5 Best Movies About Corruption That You Should Watching Update 04/2024

Movies About Corruption

As a result of the outbreak, film festivals all around the world have gone online. F4T, a festival dedicated to anti-corruption works, was a perfect example of this phenomenon. Anti-Corruption Conference Series and Transparency International planned a festival in South Korea for December 2020. After then, there was the outbreak of the pandemic. As a result, the conference was held online, much like most other events around the world.

When F4T first began, it took place on Panama’s Caribbean island of Puntarenas. Since then, it has been held on Hamburg, Copenhagen, and Berlin. To far, F4T has collaborated with the Doc Society and Good Pitch to bring documentary cinema into the world’s largest anti-corruption meeting.

F4T founder and director Roberto Perez-Rocha tells GIJN that “making it virtual was tough, as human touch is crucial to our job.” “However, we also discovered new avenues of growth. Many spectators who couldn’t make the trip to South Korea were able to see our show this time around. It was a method to make the festival more accessible to all.

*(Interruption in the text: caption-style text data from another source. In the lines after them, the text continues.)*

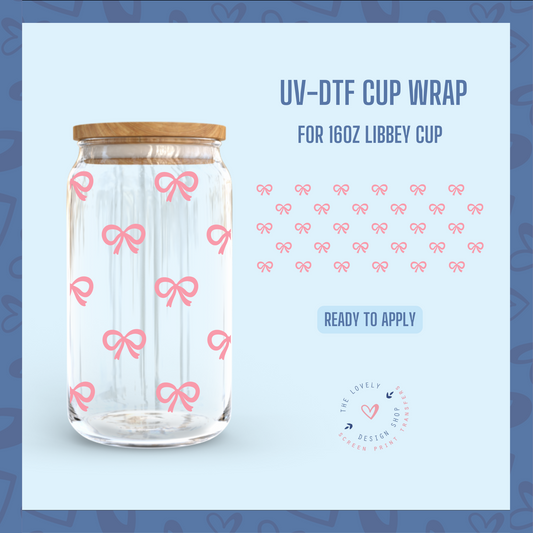 Mini Pink Bows - UV DTF 16 oz Libbey Cup Wrap - Dec 9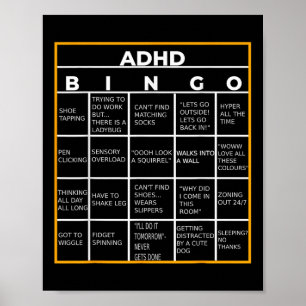 Adhd Bingo Funn Poster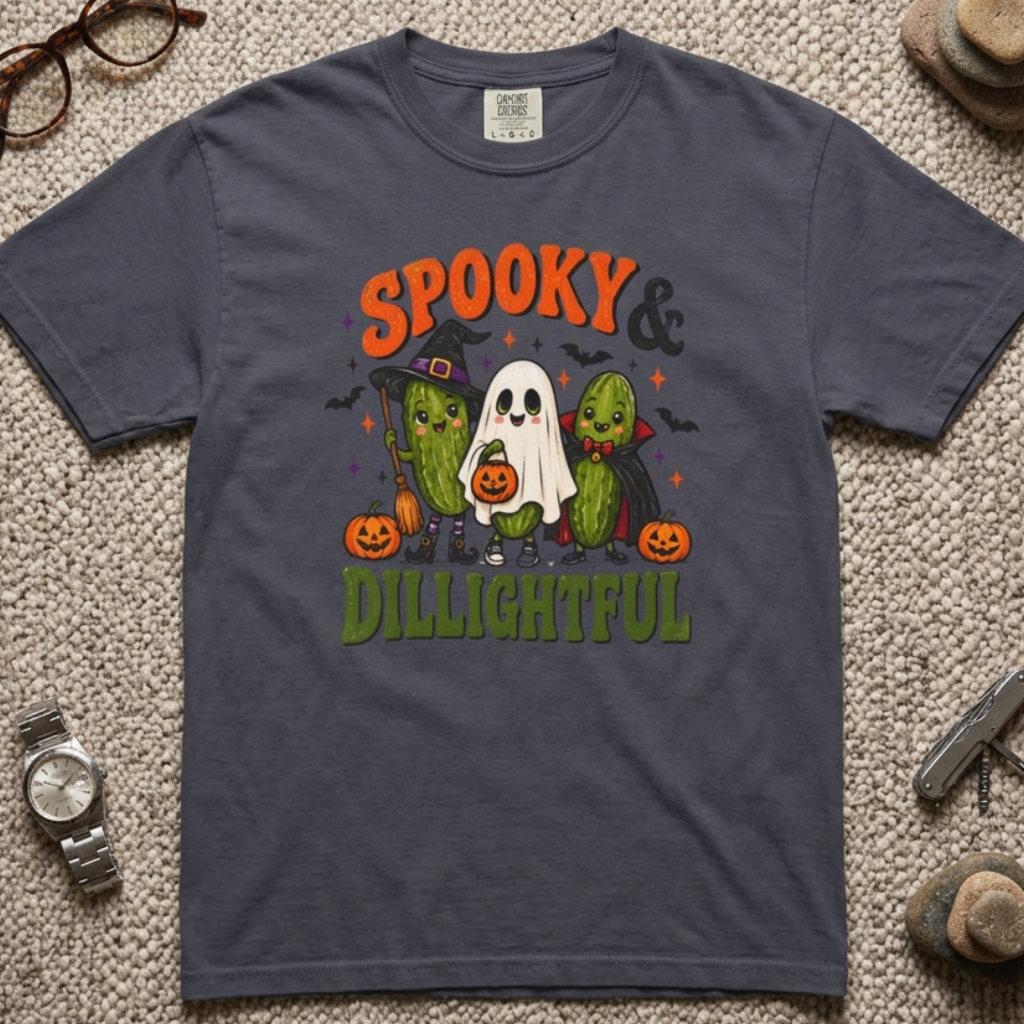 A dark slate blue graphic t-shirt laid flat on a textured beige carpet, surrounded by lifestyle props including a pair of eyeglasses, a watch, a small hat, and a pocket knife. The t-shirt features a Halloween graphic with the text 'SPOOKY & DILIGHTFUL' in orange and green, depicting two cacti dressed as ghosts with pumpkins.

We also decided that the pieces would be available online for the entire festival, and not only during a time slot in the schedule,” said Perez-Rocha, who also directs the International Anti-Corruption Conference. “We were able to reach a wider audience because of that.”

1. Radio Silence (Mexico)

Radio Silence (Mexico)

“Radio Silence,” a documentary by filmmaker Juliana Fangul, explores the life of Carmen Aristegui, one of Mexico’s most trusted journalists. A private radio station where Aristegui works sacked two investigative reporters, and she insisted that the station bring them back on staff. A decision was made to let her go rather than keep her. That didn’t stop her. Thousands of listeners followed Aristegui as she established a new, independent platform to continue her fight against corruption.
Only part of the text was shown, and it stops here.